A primeira obra de arte que o casal Dulce e João Carlos Figueiredo Ferraz comprou e que formaria o núcleo original da sua coleção de arte foi uma tela, Dispneia Parafernália, pintada em 1981 pelo artista carioca Jorge Guinle (1947-1987), que havia voltado ao Brasil em 1977 e despontava como uma promessa da pintura brasileira em plena emergência da onda neoexpressionista.

Nessa época, a revalorização da pintura favoreceu o advento de vários grupos, entre eles os artistas da chamada Geração 80, da qual Guinle fazia parte. Em São Paulo, o grupo que mais se destacou foi o Casa 7, formado, entre outros, pelo pintores Fábio Miguez, Nuno Ramos e Rodrigo Andrade. Os três últimos artistas estão também presentes na exposição Construções e Geometrias, recorte da coleção feito pelo curador Cauê Alves.

A mostra, que será aberta neste sábado, 8, integra a série Coleções no MuBE – Museu Brasileiro de Escultura e Ecologia, que tem como objetivo aproximar o grande público de importantes coleções particulares. E a do casal Figueiredo Ferraz, com mais de 1 mil obras, é certamente uma das maiores e mais coerentes. Por meio dela é possível entender a evolução da arte contemporânea brasileira nas últimas quatro décadas e suas vertentes mais representativas.
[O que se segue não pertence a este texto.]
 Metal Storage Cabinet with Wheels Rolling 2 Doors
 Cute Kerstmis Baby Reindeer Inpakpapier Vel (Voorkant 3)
Por tudo isso, o colecionador, que construiu um instituto em Ribeirão Preto para abrigar sua coleção, foi homenageado ontem à noite, 7, com o prêmio MuBE Colecionismo e Apoio à Arte, cuja primeira edição teve uma escultura desenhada pelo arquiteto Paulo Mendes da Rocha, o criador do prédio do museu.

Foi pensando na arquitetura brutalista do belo edifício projetado por ele que o curador da mostra e também diretor do museu, Cauê Alves, decidiu optar por um recorte que privilegiasse obras direta ou indiretamente vinculadas à vertente construtiva e geométrica presentes na coleção Figueiredo Ferraz. É interessante notar que esse acervo foi construído sem a intenção de seguir apenas uma escola, mas conseguiu reunir, de forma orgânica, artistas de várias tendências.

A exemplo de uma das primeiras mostras da coleção, realizada em 2012 pelo próprio Cauê, o curador buscou reinventar vínculos entre obras do acervo do instituto produzidas por artistas não necessariamente ligados ao construtivismo ou à abstração geométrica. Respeitando a singularidade de cada criador, ele propõe algo além de um vínculo formal ou conceitual: mostra mesmo como a coleção, antes de resultar de uma seleção uniforme, buscou contemplar a diversidade – daí seu caráter atemporal, abrigando desde neoexpressionistas a artistas concretos e neoconcretos, o que reforça seu caráter pendular, permitindo ao público fazer um percurso histórico pela arte brasileira dos anos 1980 até o presente.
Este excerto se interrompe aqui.